The increasingly desperate racing industry is turning to propaganda to try to fool the public.
Its aim is to cancel out negative, factual media coverage with PR misinformation, diverting funds away from greyhound welfare.
In its latest campaign, Greyhound Racing NSW has taken out full-page advertorials in papers to show fake “good” news.
The ads appeared in papers in Wagga, Goulburn, Dubbo, Newcastle, Wollongong, and Bathurst.
The main story was a disturbing piece on a nine year old boy who has been encouraged to call greyhound races.
Greyhound racing has never felt under more threat
Instead of spending money on improving animal welfare, the industry is using paid PR to try and slow the growing community sentiment against it.
Greyhound Racing Victoria recently hired a PR firm, The Comms Gurus, to teach greyhound trainers to tell “positive” stories. The selected trainers were named as Holly Thompson, Brad Greenough, Jess Hopkins, Mia Sharp, Tom O’Neill, and Morgan and Taylor Cockerell.
GRV’s “commitment to storytelling” doesn’t seem to extend to telling the stories behind the huge number of greyhounds killed on Victorian racetracks.

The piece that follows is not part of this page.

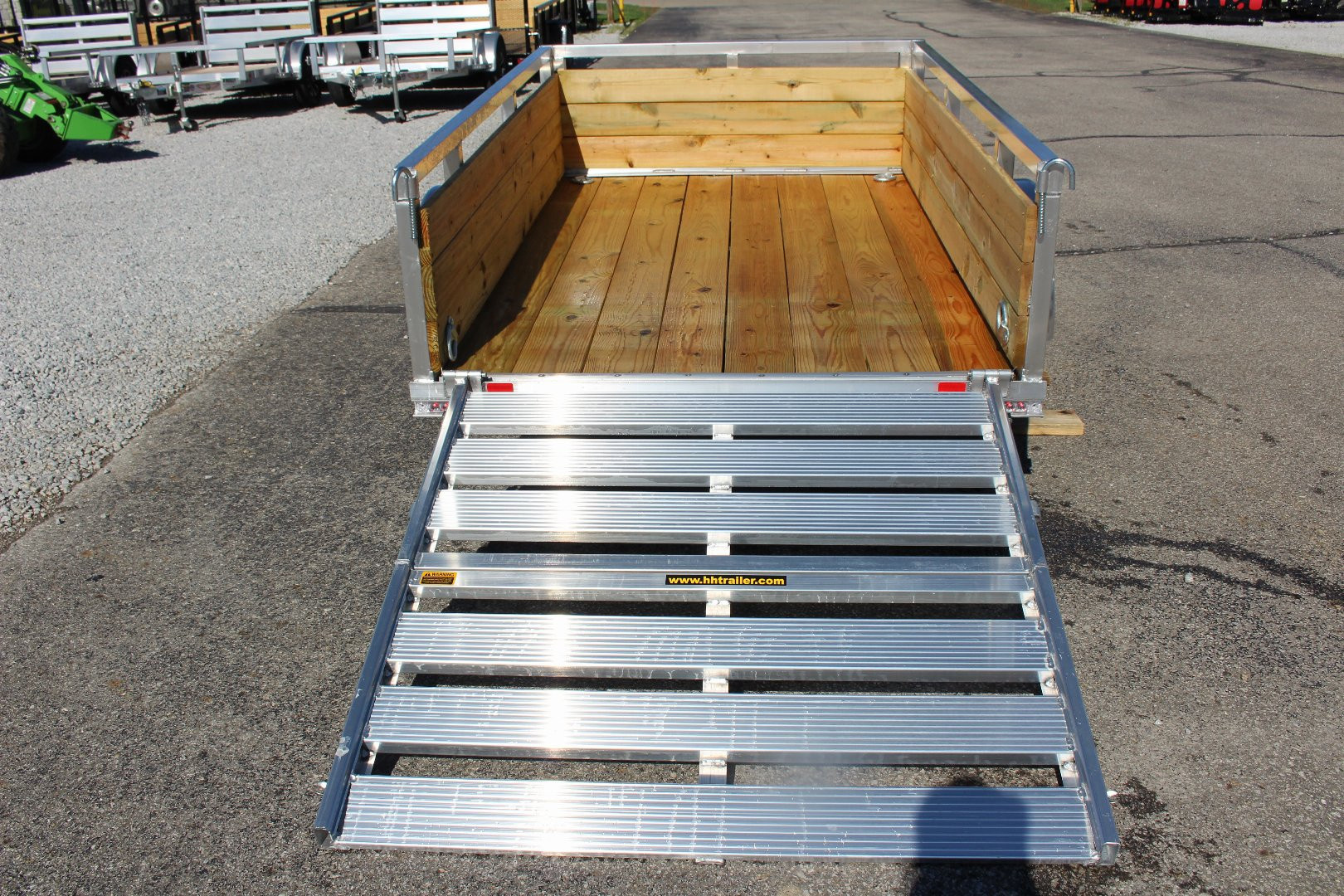 New 2026 H & H 5' x 8' Aluminum Wood Side Utility Trailer - BiFold Ramp - 2990# GVW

That would need a commitment to truth-telling.
In Queensland, the Racing Queensland Review into Racing revealed the industry’s fears about the public seeing the truth:
“Industry participants are disheartened with the lack of promotion for greyhound racing and a perceived absence of an appetite to counter the anti-greyhound racing activists claims by governing bodies…The result is an industry that has allowed narratives defined by activists and mainstream media to define it”.
Racing Queensland recommended that it “immediately activate a Greyhound Racing media team” with a “credible spokesperson and adopt a UK-style storytelling strategy to secure the industry’s future”. Communication has to be “daily”.
The Queensland Government accepted this recommendation.